Smaadschrift via Facebook en telastelegging van een bepaald feit in het strafrecht

In deze zaak heeft de Hoge Raad op 4 december 2018 uitspraak gedaan in een cassatieprocedure tegen een arrest van het Gerechtshof Arnhem-Leeuwarden. De verdachte was beschuldigd van smaad, omdat hij via Facebook berichten had verspreid die de eer en goede naam van de aangeefster, [betrokkene 1], zouden hebben aangetast. De tenlastelegging betrof het opzettelijk verspreiden van geschriften waarin de aangeefster werd beschuldigd van bepaalde feiten, met als doel hier ruchtbaarheid aan te geven. Het Hof had geoordeeld dat de verdachte de eer van de aangeefster had aangerand door de telastelegging van een of meer bepaalde feiten, maar de Hoge Raad oordeelde dat dit oordeel niet voldoende gemotiveerd was. De Hoge Raad herhaalde relevante overwegingen uit eerdere jurisprudentie en concludeerde dat de bewijsvoering niet duidelijk maakte dat de uitingen van de verdachte waren toegespitst op voldoende geconcretiseerde gedragingen van de aangeefster. Dit leidde tot een partiële vernietiging van het arrest van het Hof en een terugwijzing van de zaak voor herbehandeling.

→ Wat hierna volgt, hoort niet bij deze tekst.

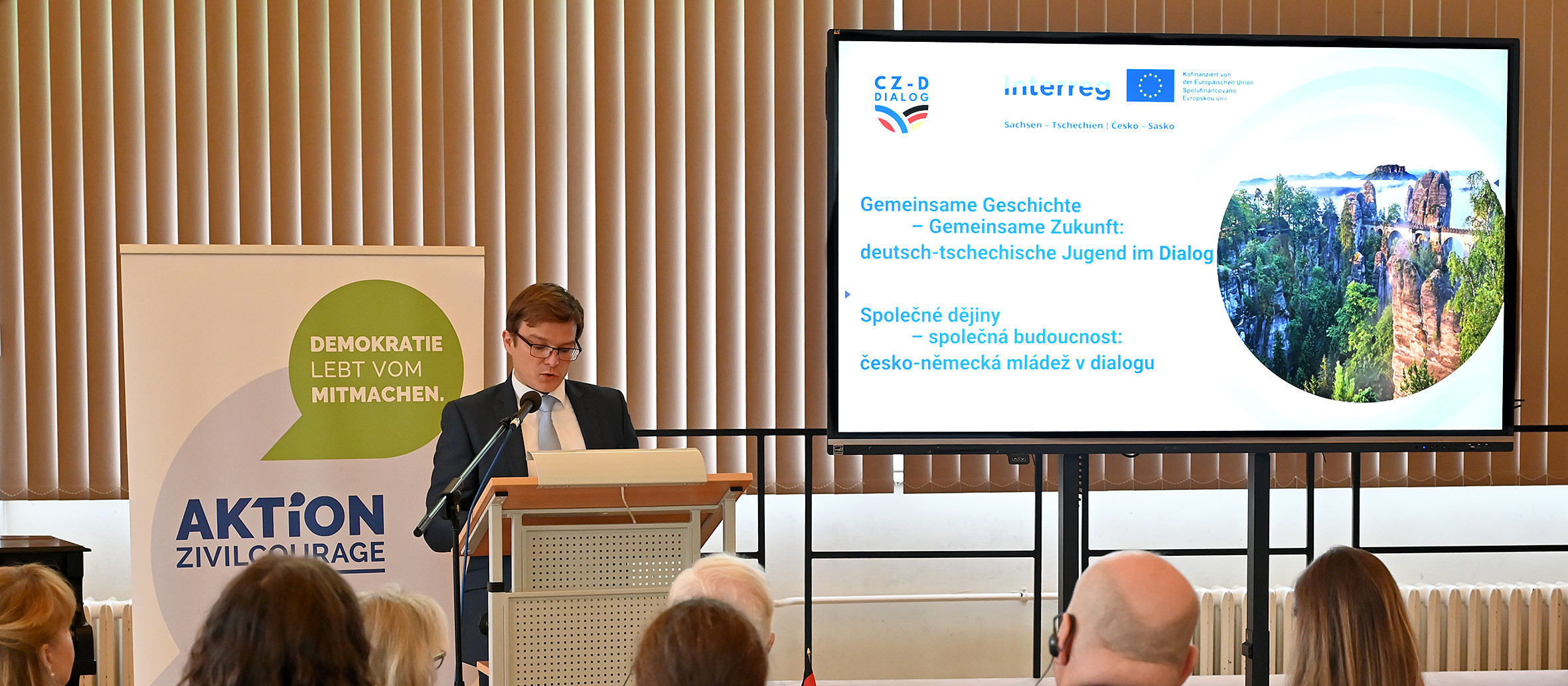 KI generiert: Das Bild zeigt einen Mann, der an einem Pult steht und eine Rede vor einem Publikum hält. Im Hintergrund sind eine Präsentation mit dem Titel "Gemeinsame Geschichte – Gemeinsame Zukunft: deutsch-tschechische Jugend im Dialog" und ein Banner mit der Aufschrift "AKTION Zivilcourage" zu sehen.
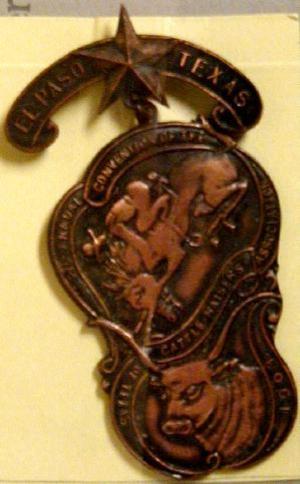 Primary view of object titled '[Two tiered bronze El Paso livestock pin]'.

De zaak betreft een belangrijke overweging over de vereisten voor telastelegging van een bepaald feit in het kader van smaad en smaadschrift, zoals vastgelegd in artikel 261 van het Wetboek van Strafrecht. De Hoge Raad benadrukte dat voor een bewezenverklaring van smaad sprake moet zijn van een duidelijke en concrete gedraging van de betrokkene, en dat algemene beschuldigingen niet voldoende zijn. De uitspraak heeft implicaties voor de manier waarop smaadzaken worden beoordeeld, vooral in het digitale tijdperk waarin sociale media een prominente rol spelen in de verspreiding van informatie.

Uitspraak

4 december 2018
Strafkamer
nr. S 18/00370
Hoge Raad der Nederlanden
Arrest
op het beroep in cassatie tegen een arrest van het Gerechtshof Arnhem-Leeuwarden, zittingsplaats Leeuwarden, van 31 januari 2017, nummer 21/002569-16, in de strafzaak tegen:
[verdachte], geboren te [geboorteplaats] op [geboortedatum] 1981.

1.Geding in cassatie

Het beroep is ingesteld door de verdachte. Namens deze heeft R.P. Snorn, advocaat te Heerenveen, bij schriftuur middelen van cassatie voorgesteld. De schriftuur is aan dit arrest gehecht en maakt daarvan deel uit.
De plaatsvervangend Advocaat-Generaal D.J.M.W. Paridaens heeft geconcludeerd dat de Hoge Raad zal volstaan met de constatering dat er geen aanleiding is om in de onderhavige zaak aan het oordeel dat de redelijke termijn is overschreden enig rechtsgevolg te verbinden en het beroep voor het overige zal verwerpen.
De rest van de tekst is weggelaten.